Records from a collection:
'''

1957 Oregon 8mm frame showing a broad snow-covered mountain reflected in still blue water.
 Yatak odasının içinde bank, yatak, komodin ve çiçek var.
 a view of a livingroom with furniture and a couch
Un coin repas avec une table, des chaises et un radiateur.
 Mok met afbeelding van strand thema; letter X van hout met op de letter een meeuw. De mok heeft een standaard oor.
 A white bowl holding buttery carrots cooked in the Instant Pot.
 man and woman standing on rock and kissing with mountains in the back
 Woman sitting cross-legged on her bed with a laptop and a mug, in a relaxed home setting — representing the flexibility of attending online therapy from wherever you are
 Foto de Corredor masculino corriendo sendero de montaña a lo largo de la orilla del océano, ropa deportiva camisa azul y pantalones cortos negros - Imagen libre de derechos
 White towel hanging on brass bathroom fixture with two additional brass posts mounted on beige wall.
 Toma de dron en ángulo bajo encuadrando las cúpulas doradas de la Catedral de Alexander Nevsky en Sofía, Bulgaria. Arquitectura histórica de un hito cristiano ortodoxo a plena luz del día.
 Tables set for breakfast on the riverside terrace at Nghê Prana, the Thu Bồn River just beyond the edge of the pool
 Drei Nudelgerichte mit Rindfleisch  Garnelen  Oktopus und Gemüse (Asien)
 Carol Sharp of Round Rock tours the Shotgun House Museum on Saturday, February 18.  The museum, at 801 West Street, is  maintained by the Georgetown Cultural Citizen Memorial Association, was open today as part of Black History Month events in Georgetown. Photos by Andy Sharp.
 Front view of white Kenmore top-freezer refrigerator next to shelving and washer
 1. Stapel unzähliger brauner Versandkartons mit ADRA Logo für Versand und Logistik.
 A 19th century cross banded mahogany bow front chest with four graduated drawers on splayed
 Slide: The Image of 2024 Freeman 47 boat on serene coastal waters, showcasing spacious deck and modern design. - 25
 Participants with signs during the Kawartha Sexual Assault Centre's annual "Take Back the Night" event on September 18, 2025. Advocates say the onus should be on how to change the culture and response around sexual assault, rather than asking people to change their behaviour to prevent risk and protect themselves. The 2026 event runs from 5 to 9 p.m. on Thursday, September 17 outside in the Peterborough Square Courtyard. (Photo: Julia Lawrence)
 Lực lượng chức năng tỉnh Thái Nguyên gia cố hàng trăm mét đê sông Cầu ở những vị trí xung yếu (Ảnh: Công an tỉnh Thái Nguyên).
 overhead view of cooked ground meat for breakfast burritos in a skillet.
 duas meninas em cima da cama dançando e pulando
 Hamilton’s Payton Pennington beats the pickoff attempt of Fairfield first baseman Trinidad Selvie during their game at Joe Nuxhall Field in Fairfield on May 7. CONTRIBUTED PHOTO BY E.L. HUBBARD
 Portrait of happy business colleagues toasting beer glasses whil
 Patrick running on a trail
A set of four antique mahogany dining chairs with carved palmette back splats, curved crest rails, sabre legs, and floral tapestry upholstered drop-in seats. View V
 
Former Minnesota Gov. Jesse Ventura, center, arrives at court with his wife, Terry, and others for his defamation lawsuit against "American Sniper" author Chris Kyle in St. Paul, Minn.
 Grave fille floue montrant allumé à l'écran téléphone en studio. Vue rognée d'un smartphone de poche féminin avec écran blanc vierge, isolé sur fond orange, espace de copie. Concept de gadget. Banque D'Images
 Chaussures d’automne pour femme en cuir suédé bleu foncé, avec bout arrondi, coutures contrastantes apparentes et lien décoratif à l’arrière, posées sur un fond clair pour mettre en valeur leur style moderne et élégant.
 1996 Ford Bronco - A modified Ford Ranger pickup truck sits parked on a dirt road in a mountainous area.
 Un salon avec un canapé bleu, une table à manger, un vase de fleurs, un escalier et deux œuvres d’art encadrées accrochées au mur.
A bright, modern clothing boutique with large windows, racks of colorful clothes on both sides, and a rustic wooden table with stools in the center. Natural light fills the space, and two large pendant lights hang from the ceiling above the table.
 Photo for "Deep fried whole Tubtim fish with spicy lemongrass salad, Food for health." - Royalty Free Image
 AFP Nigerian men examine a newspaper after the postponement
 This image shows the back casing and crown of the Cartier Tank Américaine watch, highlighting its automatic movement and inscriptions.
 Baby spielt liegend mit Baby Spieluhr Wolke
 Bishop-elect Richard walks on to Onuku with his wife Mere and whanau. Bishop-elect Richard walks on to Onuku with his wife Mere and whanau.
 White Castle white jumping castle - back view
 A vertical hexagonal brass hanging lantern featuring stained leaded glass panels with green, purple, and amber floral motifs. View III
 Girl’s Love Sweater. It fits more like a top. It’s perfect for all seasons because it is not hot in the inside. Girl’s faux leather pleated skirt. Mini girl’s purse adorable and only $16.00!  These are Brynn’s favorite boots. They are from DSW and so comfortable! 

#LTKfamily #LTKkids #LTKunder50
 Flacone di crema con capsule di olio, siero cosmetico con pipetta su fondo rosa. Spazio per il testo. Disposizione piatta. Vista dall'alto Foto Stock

'''

_EXERCISE_. Only the lines above from the one with "Chaussures d’automne pour" through the one with "A vertical hexagonal" should be duplicated, character for character.

_SOLUTION_.
 Chaussures d’automne pour femme en cuir suédé bleu foncé, avec bout arrondi, coutures contrastantes apparentes et lien décoratif à l’arrière, posées sur un fond clair pour mettre en valeur leur style moderne et élégant.
 1996 Ford Bronco - A modified Ford Ranger pickup truck sits parked on a dirt road in a mountainous area.
 Un salon avec un canapé bleu, une table à manger, un vase de fleurs, un escalier et deux œuvres d’art encadrées accrochées au mur.
A bright, modern clothing boutique with large windows, racks of colorful clothes on both sides, and a rustic wooden table with stools in the center. Natural light fills the space, and two large pendant lights hang from the ceiling above the table.
 Photo for "Deep fried whole Tubtim fish with spicy lemongrass salad, Food for health." - Royalty Free Image
 AFP Nigerian men examine a newspaper after the postponement
 This image shows the back casing and crown of the Cartier Tank Américaine watch, highlighting its automatic movement and inscriptions.
 Baby spielt liegend mit Baby Spieluhr Wolke
 Bishop-elect Richard walks on to Onuku with his wife Mere and whanau. Bishop-elect Richard walks on to Onuku with his wife Mere and whanau.
 White Castle white jumping castle - back view
 A vertical hexagonal brass hanging lantern featuring stained leaded glass panels with green, purple, and amber floral motifs. View III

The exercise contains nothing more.